(Saved data entries)
* * * * * * *
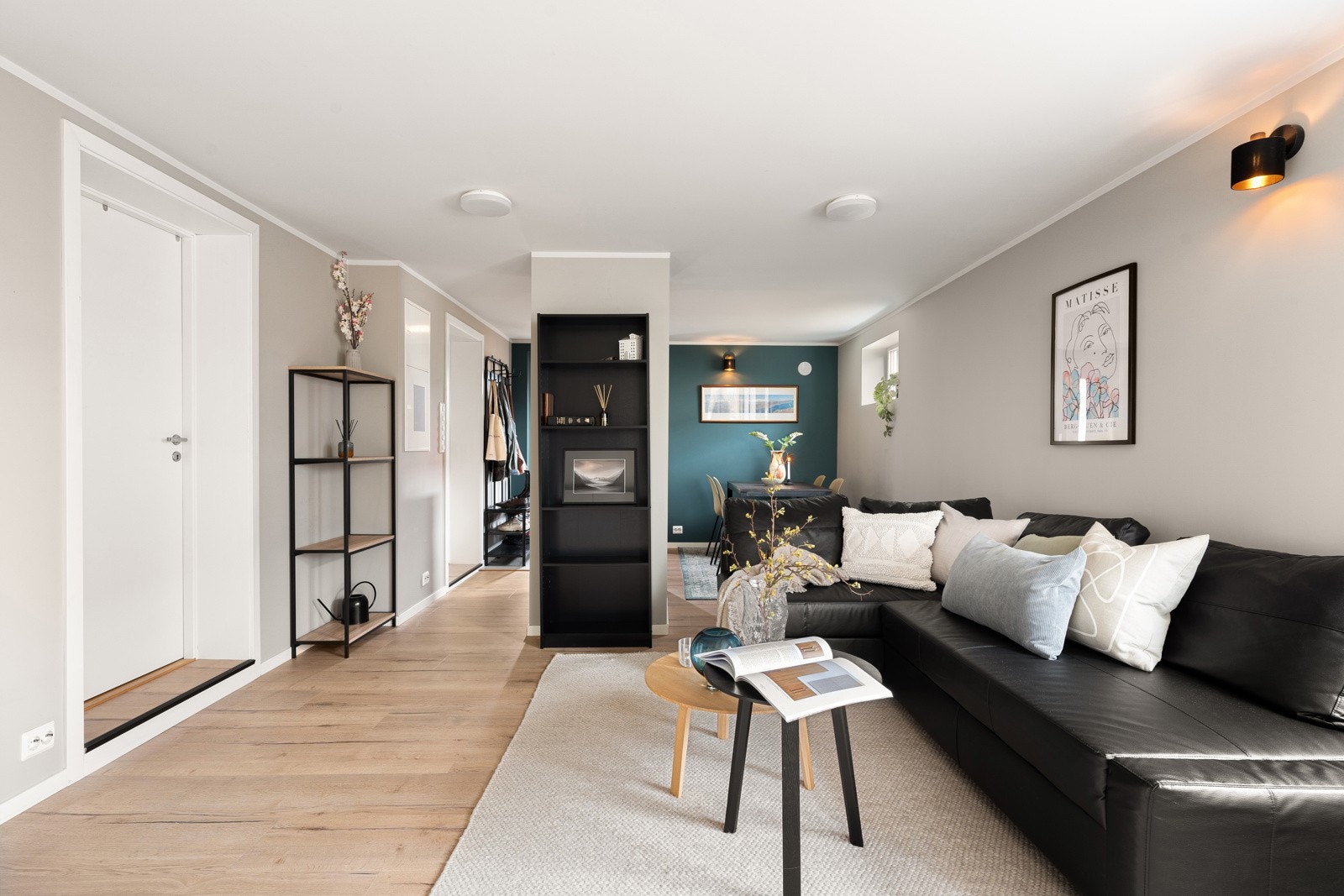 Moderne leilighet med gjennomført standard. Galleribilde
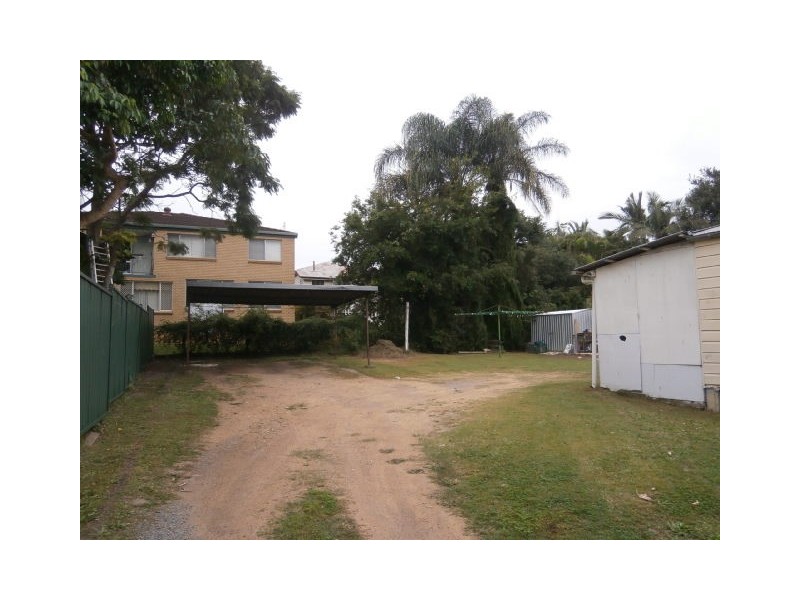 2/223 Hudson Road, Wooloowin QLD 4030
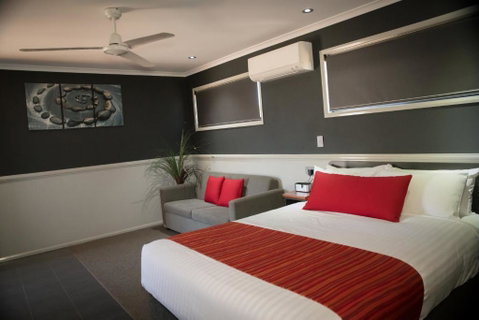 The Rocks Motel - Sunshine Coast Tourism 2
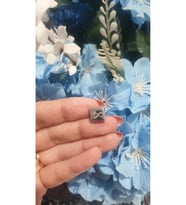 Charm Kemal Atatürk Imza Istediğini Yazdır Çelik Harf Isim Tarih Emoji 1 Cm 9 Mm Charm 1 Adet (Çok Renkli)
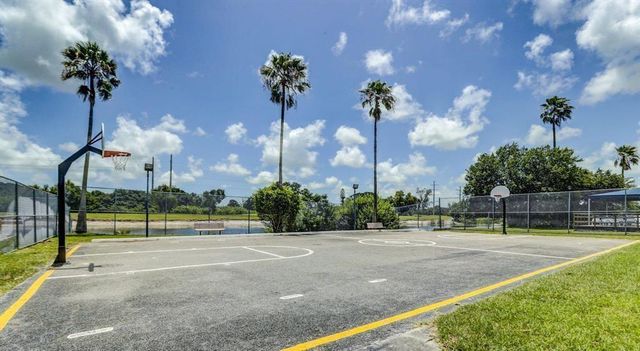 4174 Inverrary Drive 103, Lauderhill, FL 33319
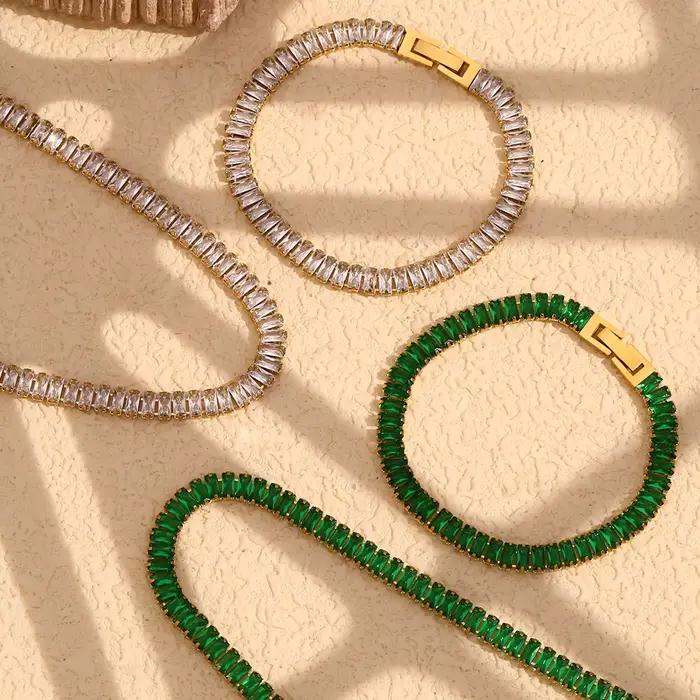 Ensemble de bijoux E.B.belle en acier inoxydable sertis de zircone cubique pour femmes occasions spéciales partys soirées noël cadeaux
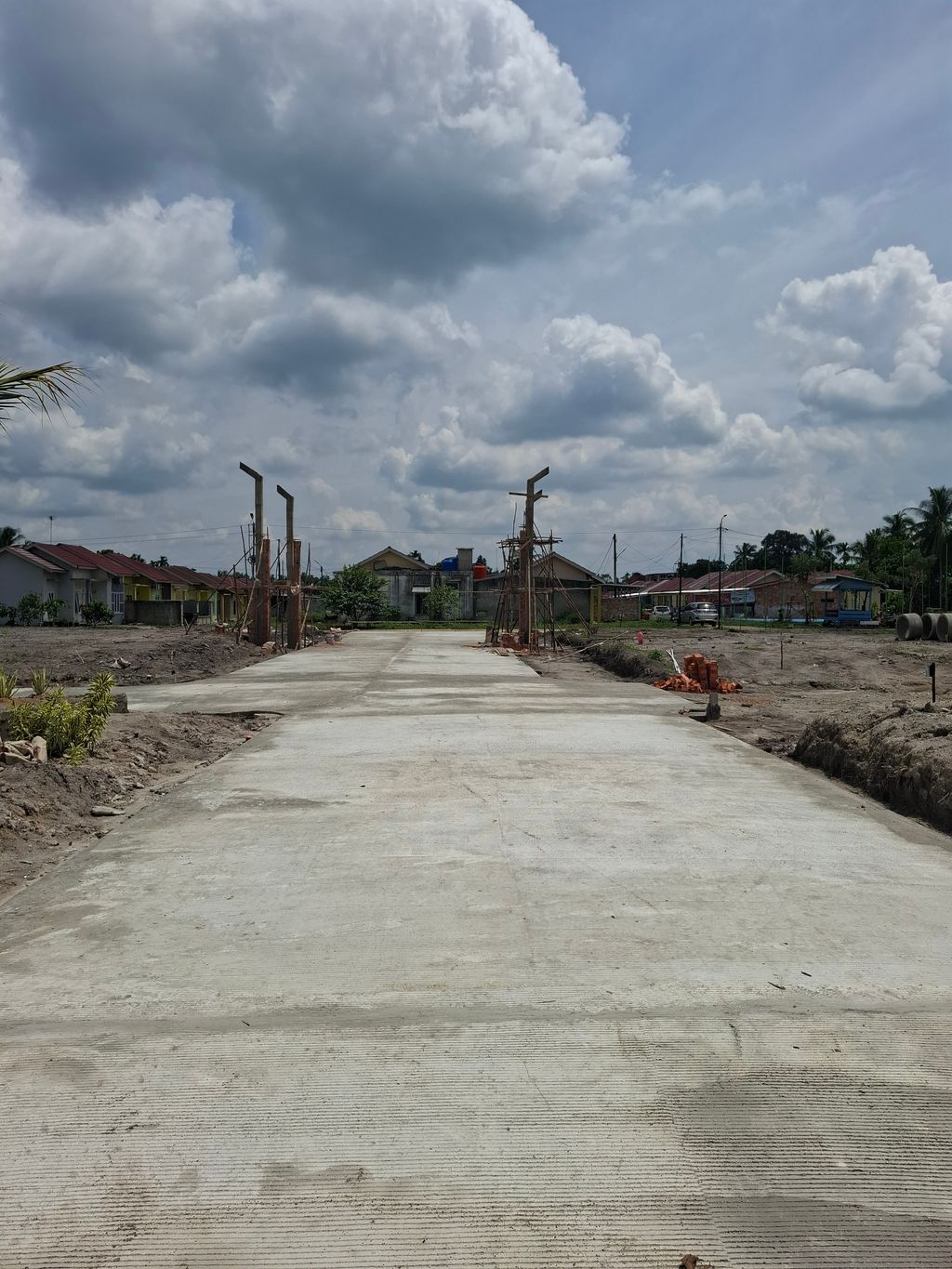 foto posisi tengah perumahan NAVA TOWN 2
* * * * * * *
- _INSTRUCTIONS FOR THE TASK_
What is needed is an exact repeat of the records, with every picture left out.

- _WRITTEN REPLY_
 Moderne leilighet med gjennomført standard. Galleribilde
 2/223 Hudson Road, Wooloowin QLD 4030
 The Rocks Motel - Sunshine Coast Tourism 2
 Charm Kemal Atatürk Imza Istediğini Yazdır Çelik Harf Isim Tarih Emoji 1 Cm 9 Mm Charm 1 Adet (Çok Renkli)
 4174 Inverrary Drive 103, Lauderhill, FL 33319
 Ensemble de bijoux E.B.belle en acier inoxydable sertis de zircone cubique pour femmes occasions spéciales partys soirées noël cadeaux
 foto posisi tengah perumahan NAVA TOWN 2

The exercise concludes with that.